Print, exactly as they stand, the lines below from the one that has "Vetrina per Pasticceria, Buffet" to the one that has "Godox 270CS Aluminum", inclusive, leaving out the pictures.

Task inputs:

+---+

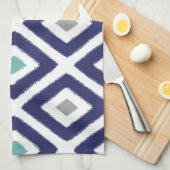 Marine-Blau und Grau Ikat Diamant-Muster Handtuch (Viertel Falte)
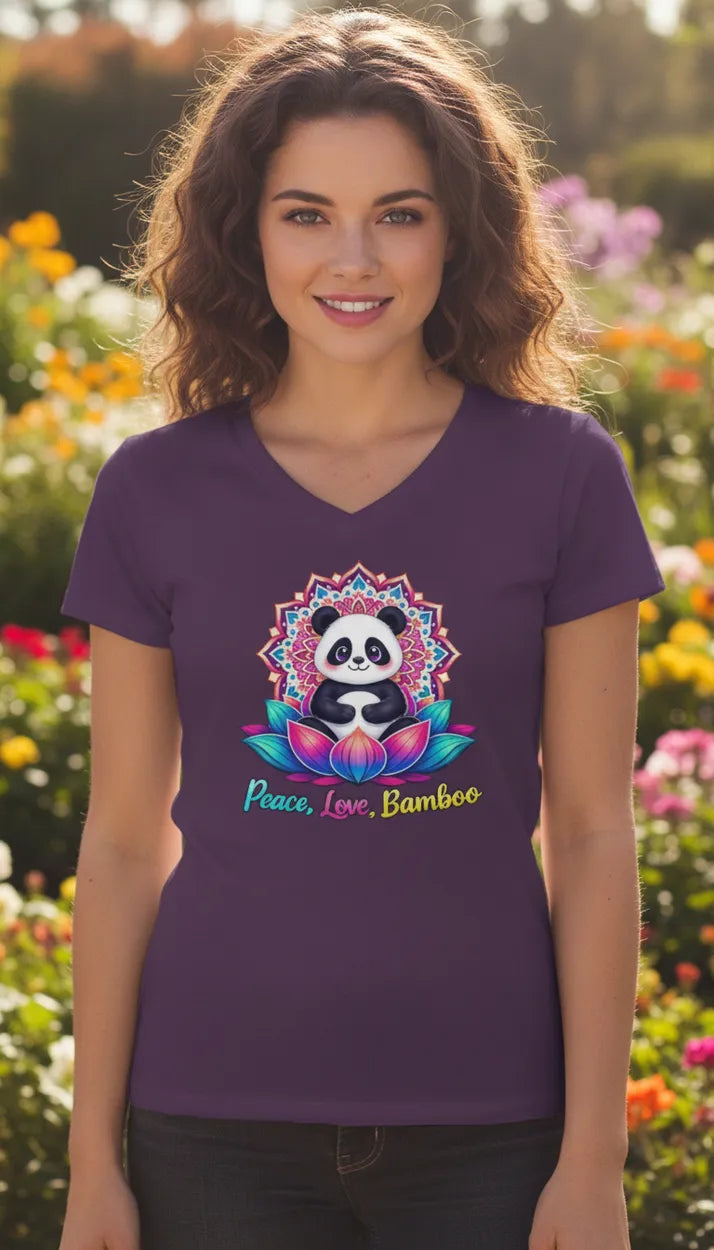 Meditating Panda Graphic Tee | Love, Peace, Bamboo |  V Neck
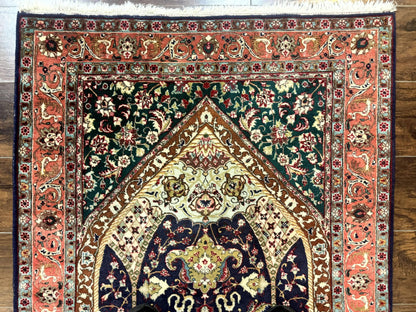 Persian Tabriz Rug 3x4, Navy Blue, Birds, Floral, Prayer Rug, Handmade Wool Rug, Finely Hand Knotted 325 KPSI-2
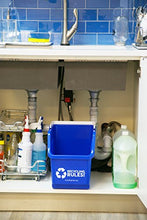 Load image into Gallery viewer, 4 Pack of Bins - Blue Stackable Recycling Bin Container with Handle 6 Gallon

+---+

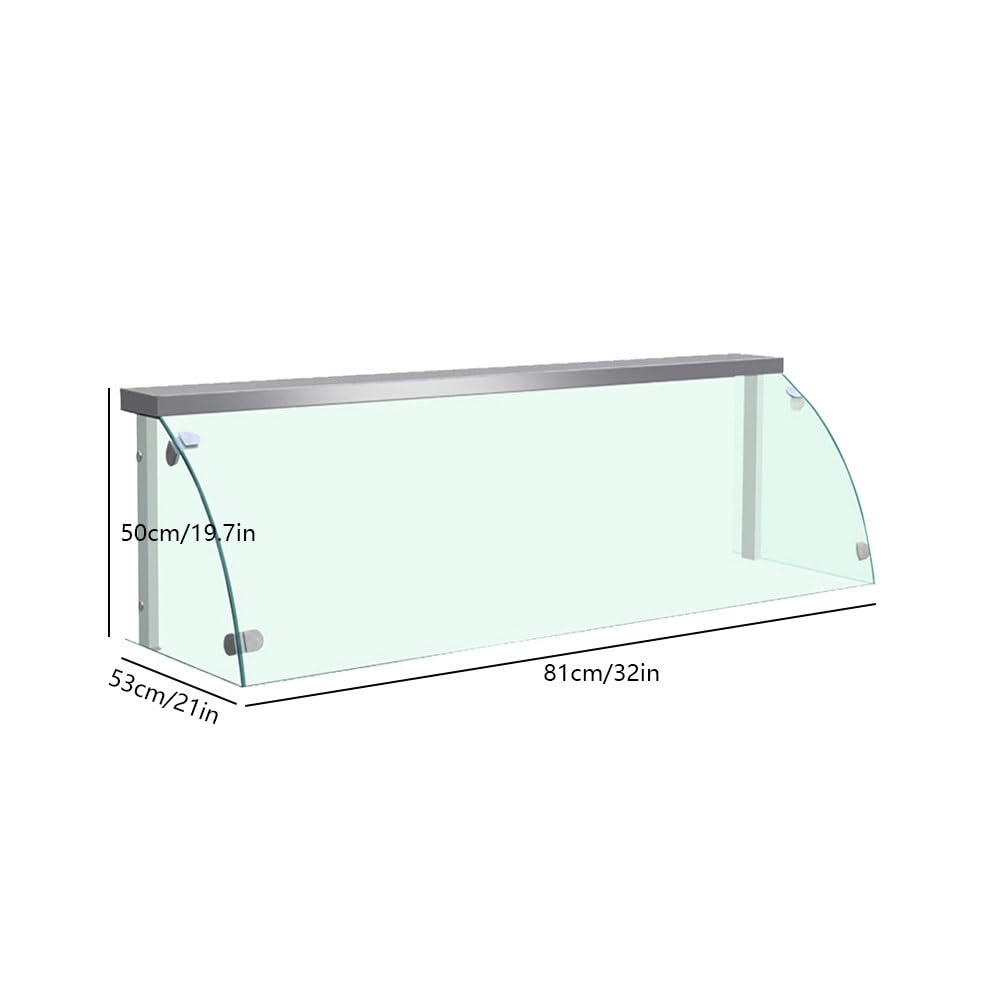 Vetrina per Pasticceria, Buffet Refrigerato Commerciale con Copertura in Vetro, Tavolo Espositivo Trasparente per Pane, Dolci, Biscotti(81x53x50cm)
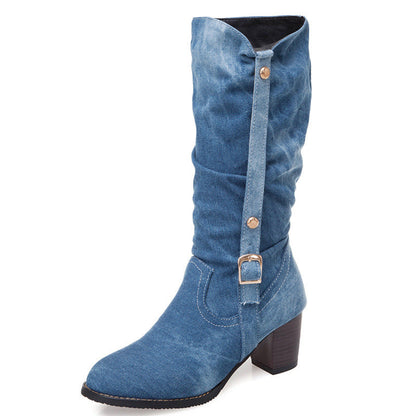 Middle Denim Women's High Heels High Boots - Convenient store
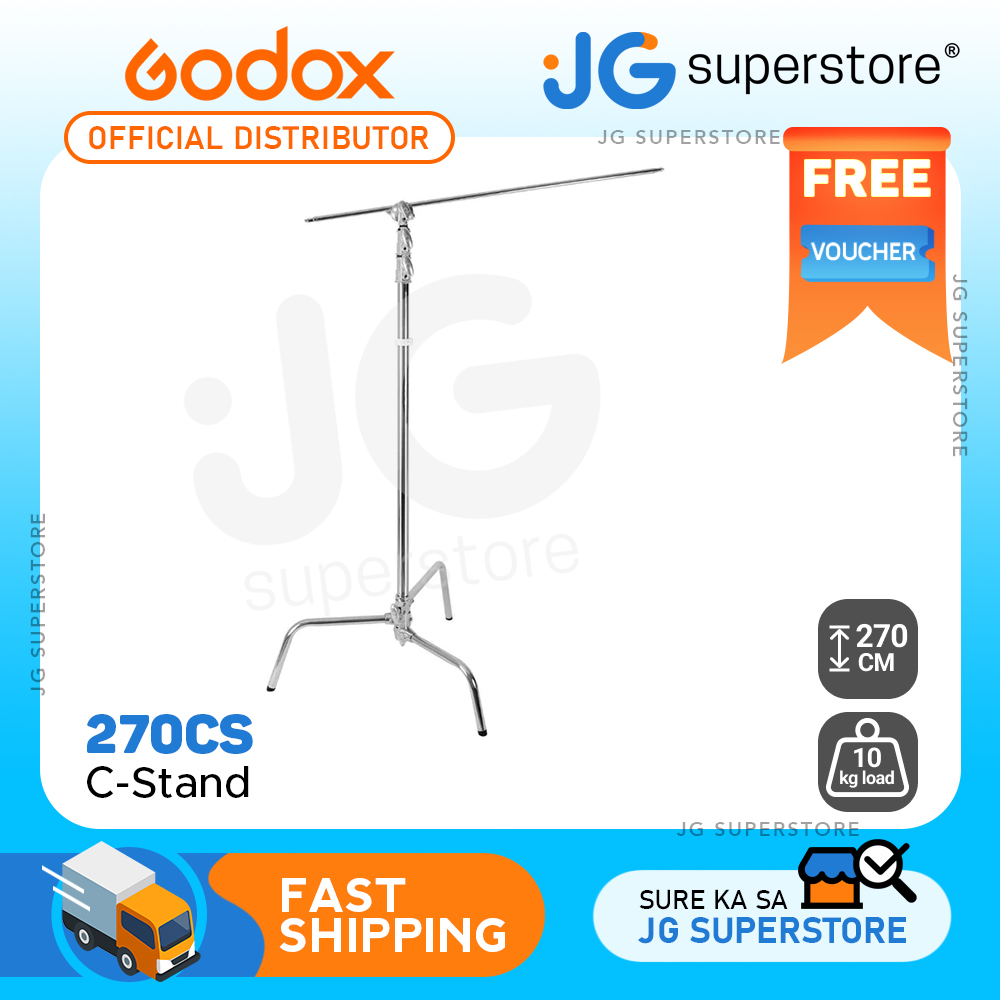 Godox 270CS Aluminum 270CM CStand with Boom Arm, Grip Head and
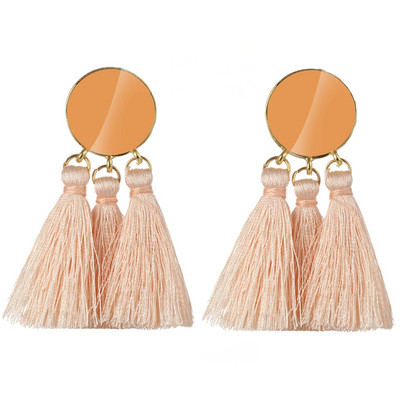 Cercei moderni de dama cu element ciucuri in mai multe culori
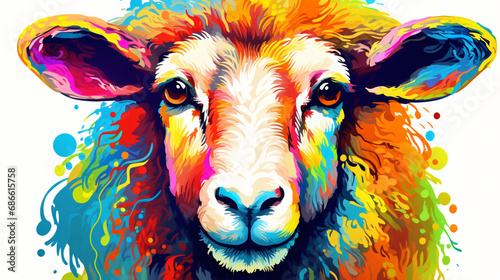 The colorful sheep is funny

+---+

Exercise result:
 Vetrina per Pasticceria, Buffet Refrigerato Commerciale con Copertura in Vetro, Tavolo Espositivo Trasparente per Pane, Dolci, Biscotti(81x53x50cm)
 Middle Denim Women's High Heels High Boots - Convenient store
 Godox 270CS Aluminum 270CM CStand with Boom Arm, Grip Head and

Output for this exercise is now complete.